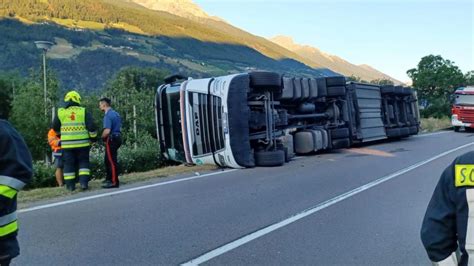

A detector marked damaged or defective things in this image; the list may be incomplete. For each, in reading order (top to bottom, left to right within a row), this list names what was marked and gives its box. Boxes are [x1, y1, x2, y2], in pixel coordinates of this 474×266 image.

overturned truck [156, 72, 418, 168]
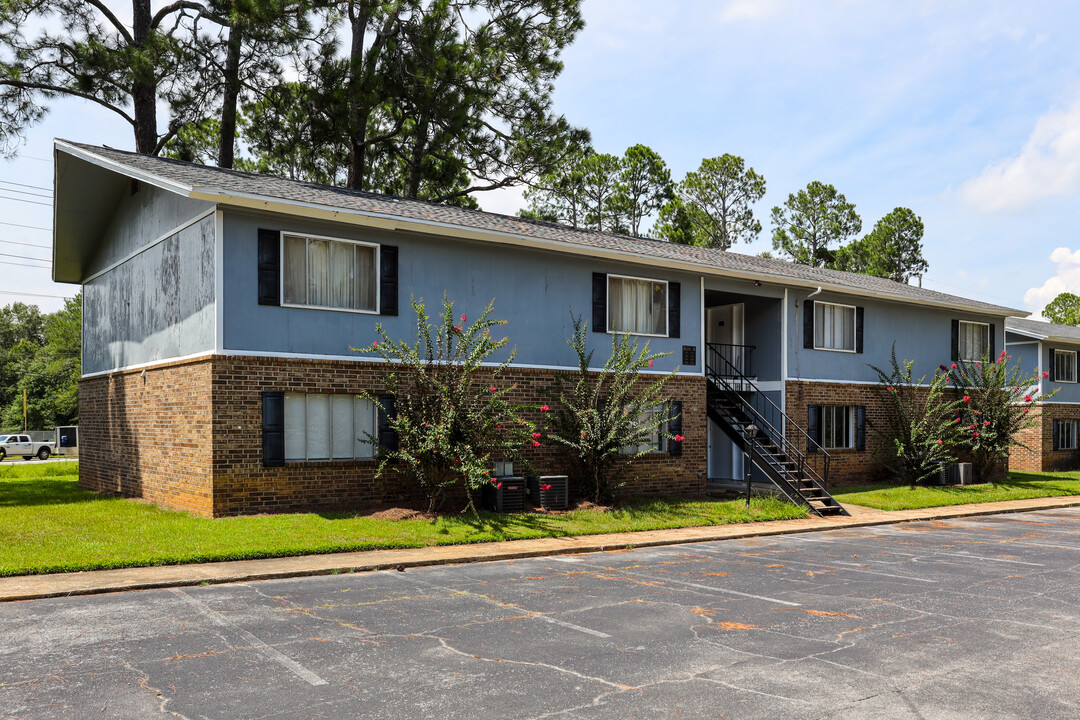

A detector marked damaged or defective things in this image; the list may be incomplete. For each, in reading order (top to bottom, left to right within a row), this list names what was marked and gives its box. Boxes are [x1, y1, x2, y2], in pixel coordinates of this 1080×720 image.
==
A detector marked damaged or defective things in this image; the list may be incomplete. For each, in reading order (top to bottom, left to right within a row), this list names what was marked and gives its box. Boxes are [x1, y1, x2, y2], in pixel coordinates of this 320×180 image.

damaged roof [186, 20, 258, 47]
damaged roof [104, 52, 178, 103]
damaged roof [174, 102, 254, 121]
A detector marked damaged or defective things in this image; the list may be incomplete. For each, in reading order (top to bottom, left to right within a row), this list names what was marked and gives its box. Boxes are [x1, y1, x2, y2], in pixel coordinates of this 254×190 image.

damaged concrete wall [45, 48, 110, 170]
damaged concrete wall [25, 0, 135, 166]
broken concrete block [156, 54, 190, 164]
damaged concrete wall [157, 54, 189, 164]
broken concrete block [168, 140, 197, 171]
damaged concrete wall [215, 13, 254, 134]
...
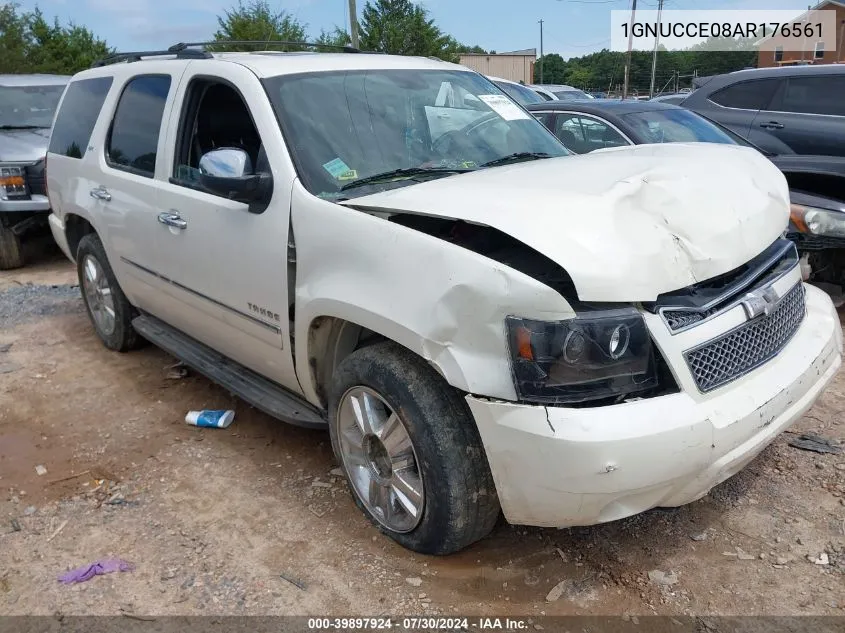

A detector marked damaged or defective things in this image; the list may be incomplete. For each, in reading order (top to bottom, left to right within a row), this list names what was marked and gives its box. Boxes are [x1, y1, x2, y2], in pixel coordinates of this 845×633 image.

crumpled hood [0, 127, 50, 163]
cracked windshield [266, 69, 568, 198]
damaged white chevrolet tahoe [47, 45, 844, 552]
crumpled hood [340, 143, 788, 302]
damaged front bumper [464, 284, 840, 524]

WORK TO BE COMPLETED: From the records above, copy exactly the stretch from the line holding "this 474×266 image." through the line holding "this 1080×720 image.", both ends included, without the pictures.

RESPONSE TO THIS EXERCISE:
A detector marked damaged or defective things in this image; the list may be incomplete. For each, in reading order (top to bottom, left to right within a row), this list names what was marked and gives its box. Boxes are [x1, y1, x2, y2], in pixel coordinates of this 474×266 image.

overturned truck [156, 72, 418, 168]

A detector marked damaged or defective things in this image; the list may be incomplete. For each, in reading order (top to bottom, left to right within a row), this list names what was marked and gives its box. Boxes are [x1, y1, x2, y2], in pixel coordinates of this 1080×720 image.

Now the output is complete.